Empêcher l’Occident de réaliser des percées en Géorgie nécessite cependant plus que des manœuvres géopolitiques. Le gouvernement géorgien doit également recourir à la répression intérieure pour freiner les progrès des candidatures du pays à l’entrée dans l’UE et l’OTAN.

À la question de savoir si Ivanishvili, qui dirige le pays depuis 2012 (principalement en coulisses), a toujours été le cheval de Troie de la Russie ou s’il a décidé seulement récemment que la démocratie ne servait pas ses intérêts personnels et politiques, la réponse importe peu désormais. Car le résultat est le même : Poutine a trouvé un allié solide en Ivanishvili, qui semble tout aussi déterminé que lui à éloigner la Géorgie de l’Occident.

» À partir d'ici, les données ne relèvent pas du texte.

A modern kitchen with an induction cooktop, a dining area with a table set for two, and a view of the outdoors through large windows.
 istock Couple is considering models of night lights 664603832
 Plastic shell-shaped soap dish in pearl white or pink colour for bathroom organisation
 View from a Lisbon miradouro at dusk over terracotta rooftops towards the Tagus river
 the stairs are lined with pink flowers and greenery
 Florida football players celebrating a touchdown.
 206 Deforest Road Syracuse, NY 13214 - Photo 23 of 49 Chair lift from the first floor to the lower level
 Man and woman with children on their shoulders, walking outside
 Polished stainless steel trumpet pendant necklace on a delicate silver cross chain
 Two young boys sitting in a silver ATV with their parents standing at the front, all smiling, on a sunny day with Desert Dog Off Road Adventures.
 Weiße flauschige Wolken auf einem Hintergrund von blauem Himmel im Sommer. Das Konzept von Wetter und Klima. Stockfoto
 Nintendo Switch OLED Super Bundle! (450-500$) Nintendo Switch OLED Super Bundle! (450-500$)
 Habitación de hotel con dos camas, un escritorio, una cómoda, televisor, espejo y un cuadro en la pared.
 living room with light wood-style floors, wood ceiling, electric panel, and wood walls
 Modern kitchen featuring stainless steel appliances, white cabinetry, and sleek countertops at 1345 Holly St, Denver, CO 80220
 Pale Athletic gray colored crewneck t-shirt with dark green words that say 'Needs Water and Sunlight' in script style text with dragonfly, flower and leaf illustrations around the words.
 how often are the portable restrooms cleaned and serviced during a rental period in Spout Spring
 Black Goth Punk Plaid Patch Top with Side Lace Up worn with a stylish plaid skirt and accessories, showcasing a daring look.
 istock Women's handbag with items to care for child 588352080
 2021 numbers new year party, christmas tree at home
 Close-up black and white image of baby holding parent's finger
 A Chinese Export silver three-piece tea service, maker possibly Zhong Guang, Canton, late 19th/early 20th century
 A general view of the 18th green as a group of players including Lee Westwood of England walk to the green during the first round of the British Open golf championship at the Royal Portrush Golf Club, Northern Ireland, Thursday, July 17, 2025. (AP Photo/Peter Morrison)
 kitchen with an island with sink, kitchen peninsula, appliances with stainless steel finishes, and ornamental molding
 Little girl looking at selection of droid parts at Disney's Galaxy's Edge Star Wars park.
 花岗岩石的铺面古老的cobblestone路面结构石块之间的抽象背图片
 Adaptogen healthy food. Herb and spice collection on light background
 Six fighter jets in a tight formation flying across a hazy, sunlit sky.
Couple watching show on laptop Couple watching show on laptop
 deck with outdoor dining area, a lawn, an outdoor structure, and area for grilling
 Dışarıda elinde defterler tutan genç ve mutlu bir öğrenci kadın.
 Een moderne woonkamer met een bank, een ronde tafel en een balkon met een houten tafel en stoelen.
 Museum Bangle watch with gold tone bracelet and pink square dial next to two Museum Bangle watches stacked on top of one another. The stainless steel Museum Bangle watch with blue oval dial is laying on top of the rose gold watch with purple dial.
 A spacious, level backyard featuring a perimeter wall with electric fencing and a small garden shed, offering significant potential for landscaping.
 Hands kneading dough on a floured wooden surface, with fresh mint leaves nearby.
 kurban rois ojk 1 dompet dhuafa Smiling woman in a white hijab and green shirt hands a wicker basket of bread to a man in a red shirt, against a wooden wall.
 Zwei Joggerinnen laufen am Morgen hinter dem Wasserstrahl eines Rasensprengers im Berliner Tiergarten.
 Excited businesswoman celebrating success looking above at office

Il y a là un objectif particulièrement dangereux, à l’heure où le combat pour l’avenir de l’Ukraine entre dans une nouvelle phase décisive.

Les enjeux sont élevés pour la Russie. Enterrer l’avenir européen de la Géorgie, ce serait renforcer l’influence du Kremlin dans la région de la mer Caspienne ainsi qu’en Asie centrale, et rapprocher Poutine de son objectif de reconstruction de l’Empire russe. Lorsque l’UE a accordé à la Géorgie le statut de candidat à l’adhésion en décembre 2023, elle a envoyé un signal à ses voisins, en particulier à l’Arménie et l’Azerbaïdjan, selon lequel l’UE était engagée pour l’intégration à long terme de la région. C’est ce qui a conduit l’Arménie – bastion stratégique de la Russie dans le Caucase – à œuvrer pour des relations plus étroites avec l’UE.

Les pays d’Asie centrale, riches en ressources énergétiques et minérales, expriment également un intérêt croissant pour la coopération avec l’UE. Poutine a conscience que le fait d’écraser les aspirations démocratiques et occidentales de la Géorgie mettrait probablement fin à ces évolutions qu’il ne souhaite pas.

À l’heure où les Géorgiens résistent à une nouvelle russification de leur pays, il incombe également à l’Occident d’agir. Les États-Unis évoluent dans la bonne direction : deux projets de loi visant à soutenir la démocratie géorgienne, ainsi qu’à sanctionner les politiciens et les fonctionnaires qui tentent de la détruire, ont été introduits à la Chambre des représentants et au Sénat. Par ailleurs, le secrétaire d’État Antony Blinken a annoncé que des restrictions de visa s’appliqueraient à quiconque mettrait à mal les processus ou institutions démocratiques en Géorgie.

Mais pour veiller à ce que les interdictions de voyage et les sanctions financières proposées ne constituent pas des menaces creuses, il est nécessaire que les États-Unis et l’UE imposent des restrictions à Ivanishvili et aux principaux acteurs de son cercle, y compris à ses hommes de main qui intimident les manifestants. Cela constituerait le signe le plus explicite du soutien occidental à la démocratie géorgienne.

Dans le même temps, la Géorgie a besoin d’aide dans une mesure sans précédent sur le plan notamment des observateurs électoraux, à l’approche des élections législatives d’octobre 2024. Les partis géorgiens d’opposition ont commencé à constituer un front pro-européenpour défier le parti au pouvoir, mais ils auront besoin d’un solide soutien international.

Les prochaines élections constitueront un référendum autour de l’avenir européen de la Géorgie. Si elles ne sont pas équitables, alors l’Occident perdra probablement son influence dans la région. Une politique coordonnée entre les États-Unis et l’UE est nécessaire pour permettre à la démocratie géorgienne de survivre à cette crise. Une victoire des alliés de Poutine aurait des conséquences dévastatrices pour les Géorgiens comme pour l’Occident.